For all the sumptuous beauty of the settings and costumes of expensive 1951 hotels and bars, my favorite scene in Carol is set among dour suits at a table in a law office.
Directed by Todd Haynes, based on Patricia Highsmith's novel The Price of Salt, much of the story follows a familiar pattern.
We've seen Cate Blanchett's "Carol" of the upper-echelon seduce Rooney Mara's young "Therese" from her Bohemian life, and conflict when the husband stumbles on his wife with the younger woman. Once the story gets going, it all seems pretty inevitable. We guess that some kind of drastic, punishing repercussion will follow the consummation of their relationship.
But as my friend Susan said, "When they sat down with the lawyers to argue over custody of the daughter, I had no idea what was going to happen." The eloquence and simplicity of "Carol's" plea is unexpected and memorable. "It's going to get ugly," Carol warns, "and we're not ugly people."
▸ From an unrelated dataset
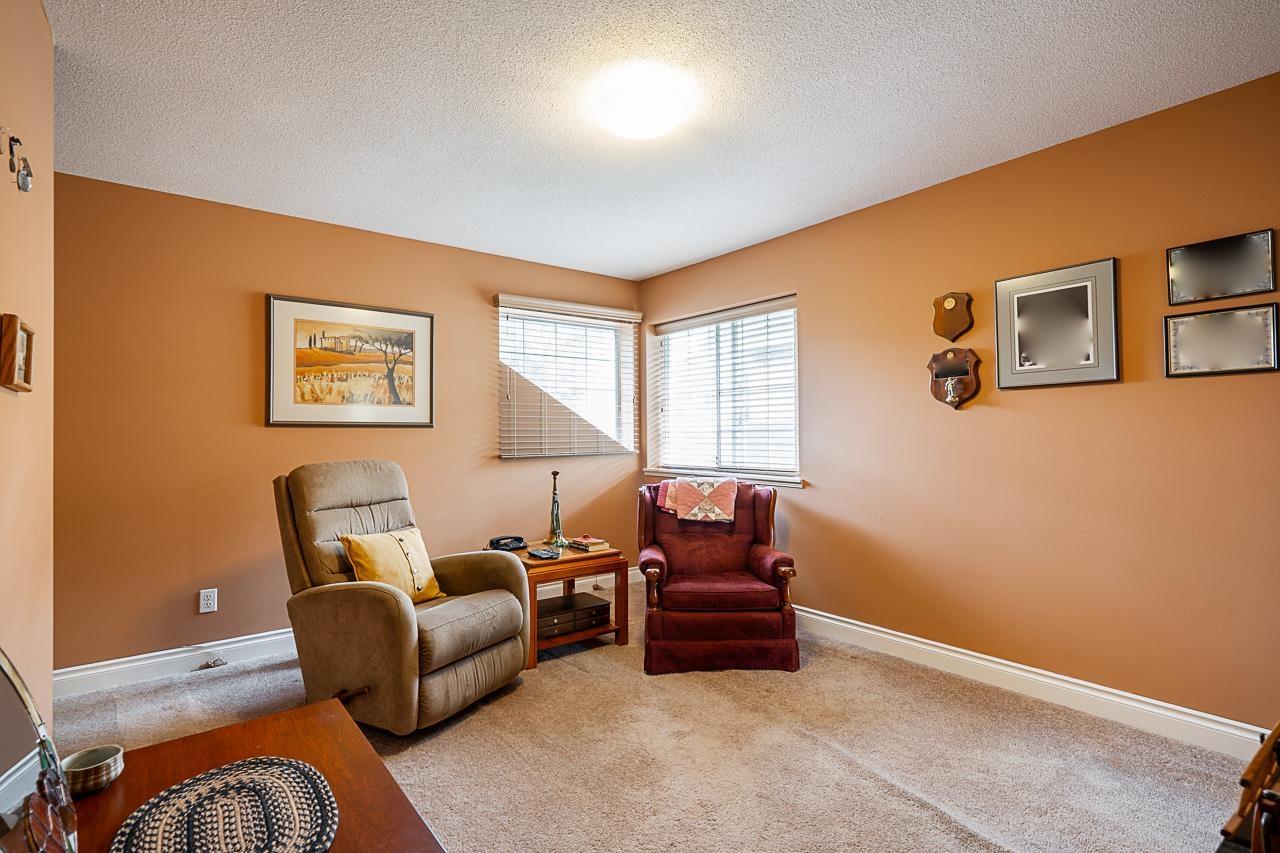 12432 20 Avenue, Surrey, British Columbia  V4A 9K5 - Photo 29 - R3086099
I was intrigued by another scene that seemed to serve no purpose in the film. Briefly, we see Therese with pals in a theatre's projection room, all watching Sunset Boulevard. The scene has no bearing on plot or character development, leaving me to wonder if we're seeing a clue to the director's thinking: does he see his film as analogous to the earlier one? Is "Carol" a predatory older woman, like "Norma Desmond?" Commenting on the film, Therese's friend is keeping score of times when the dialogue covers up what the characters really think. Is this a sort of directorial watermark, highlighting for us the Pinter-esque brevity and obliqueness of the dialogue?